Qana’ah menjadikan pelakunya merdeka sehingga tidak dapat dikuasai oleh orang lain. Adapun tamak, maka menjadikan pelakunya budak bagi orang lain. Ali radhiyallahu ‘anhu berkata, “Tamak adalah perbudakan yang kekal.” Ada pula yang berkata, “Akan mulia orang yang qana’ah dan akan hina orang tamak.”
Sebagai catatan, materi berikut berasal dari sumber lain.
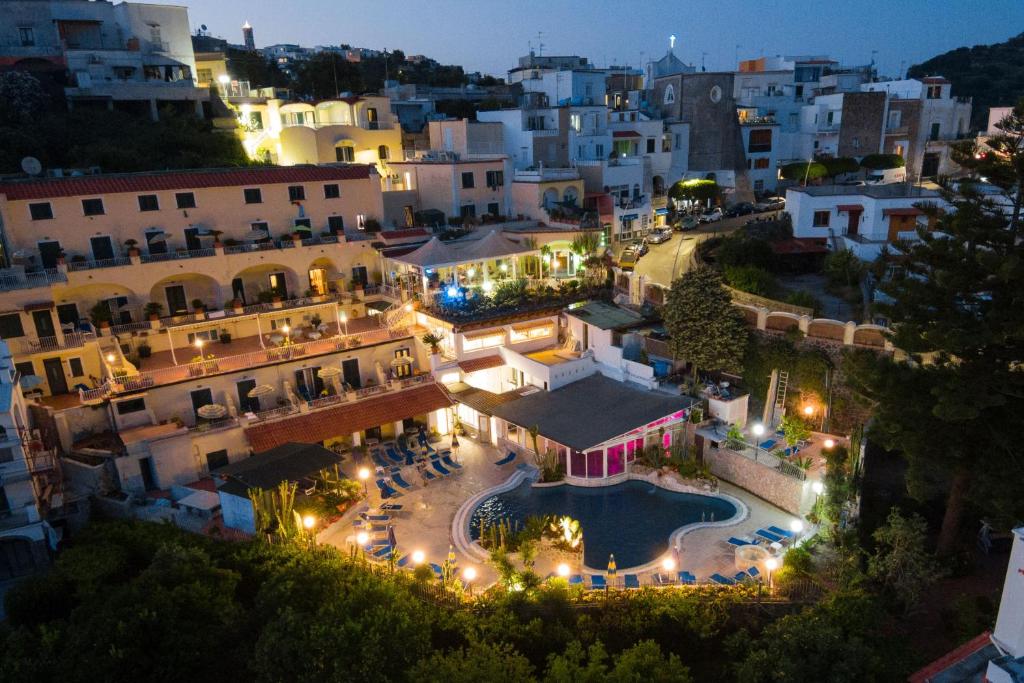 Bazén v ubytování Hotel Terme Saint Raphael nebo v jeho okolí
  1. Qana’ah adalah jalan untuk memperoleh ketenangan jiwa

Seorang muslim yang qana’ah akan hidup dalam ketenangan, keamanan, dan ketenteraman yang langgeng, adapun orang yang tamak, maka ia hidup dalam keadaan gelisah dan tidak stabil di atas satu keadaan. Dalam hadits qudsi disebutkan, Allah Azza wa Jalla berfirman,

يَا ابْنَ آدَمَ تَفَرَّغْ لِعِبَادَتِي أَمْلَأْ صَدْرَكَ غِنًى وَأَسُدَّ فَقْرَكَ وَإِنْ لَمْ تَفْعَلْ مَلَأْتُ صَدْرَكَ شُغْلًا وَلَمْ أَسُدَّ فَقْرَكَ

“Wahai anak Adam! Sempatkanlah untuk beribadah kepada-Ku, niscaya Aku akan memenuhi dadamu dengan kecukupan dan Aku akan menutupi kebutuhanmu. Jika engkau tidak melakukannya, maka Aku akan memenuhi dadamu dengan kesibukan dan Aku tidak akan menutup kebutuhanmu.” (HR. Ibnu Majah dan lain-lain, dishahihkan oleh Al Albani dalam Shahihul Jami’ no. 1914)
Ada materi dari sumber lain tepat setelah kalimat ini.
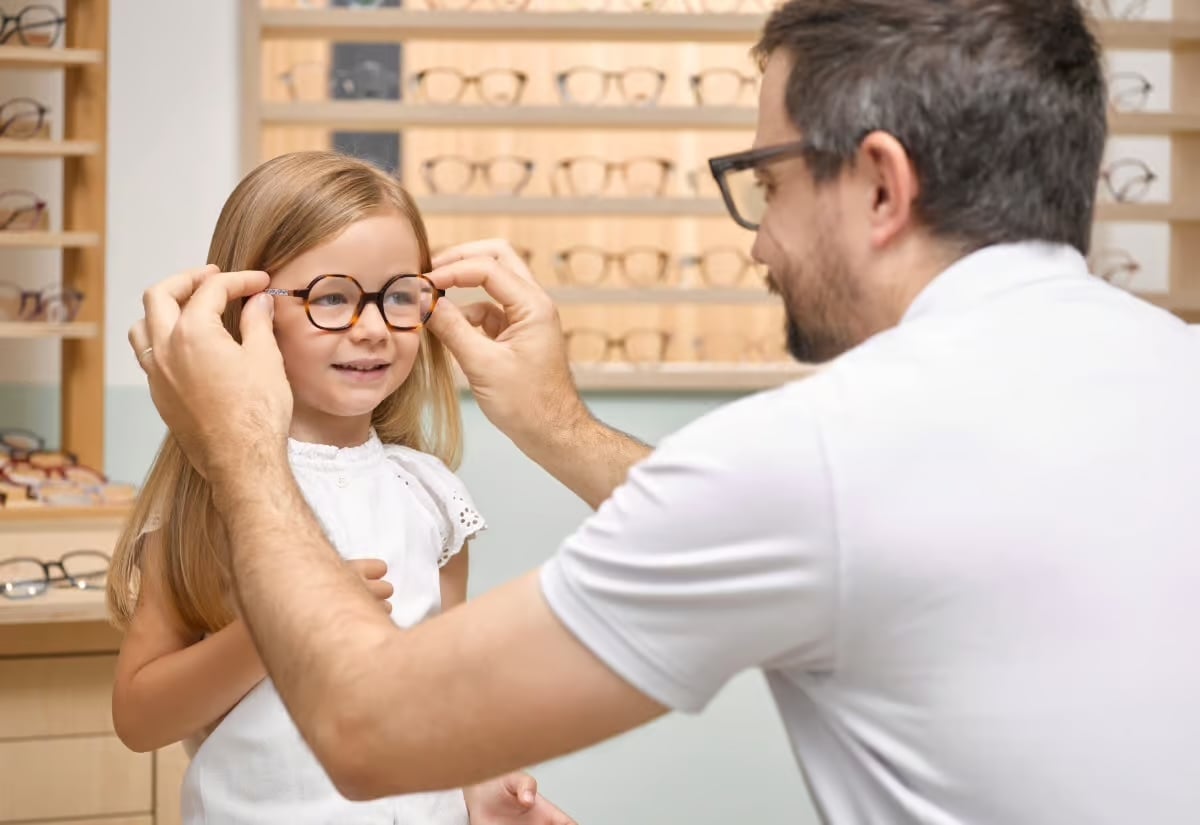 essayage-lunettes-vue-fille-opticien-omf-strasbourg-robertsau (1)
Seorang yang bijak berkata, “Kegembiraan di dunia diperoleh dengan qana’ah terhadap rezeki yang diberikan kepadamu, sedangkan kesedihannya adalah ketika engkau berduka cita terhadap sesuatu yang tidak diberikan kepadamu.”
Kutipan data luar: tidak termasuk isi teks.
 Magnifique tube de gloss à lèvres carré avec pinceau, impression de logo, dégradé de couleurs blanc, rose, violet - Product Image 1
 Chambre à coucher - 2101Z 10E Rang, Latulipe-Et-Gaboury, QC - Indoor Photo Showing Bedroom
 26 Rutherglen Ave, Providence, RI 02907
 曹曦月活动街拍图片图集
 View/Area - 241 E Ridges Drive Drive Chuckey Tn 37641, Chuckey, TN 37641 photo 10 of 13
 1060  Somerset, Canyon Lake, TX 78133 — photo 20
Wallahu 'alam, wa shallallahu 'alaa nabiyyinaa Muhammad wa 'alaa aalihi wa shahbihi wa sallam.

Marwan bin Musa

Maraji' : Al Qur'anul Karim, Maktabah Syamilah versi 3.45, Mausu'ah Haditsiyyah MushaghgharahMausu’ah Al Usrah Al Muslimah (dari situswww.islam.aljayyash.net), Modul Akhlak kelas 8 (penulis), dll. 

 

[i] Kisah ini disebutkan untuk diambil pelajaran daripadanya terlepas dari shahih tidaknya kisah ini, wallahu a’lam.

[ii] maksudnya seseorang itu cenderung kepada harta sebagaimana ia cenderung kepada buah yang manis dan lezat.

[iii] Yaitu harta rampasan dari musuh tanpa melalui peperangan.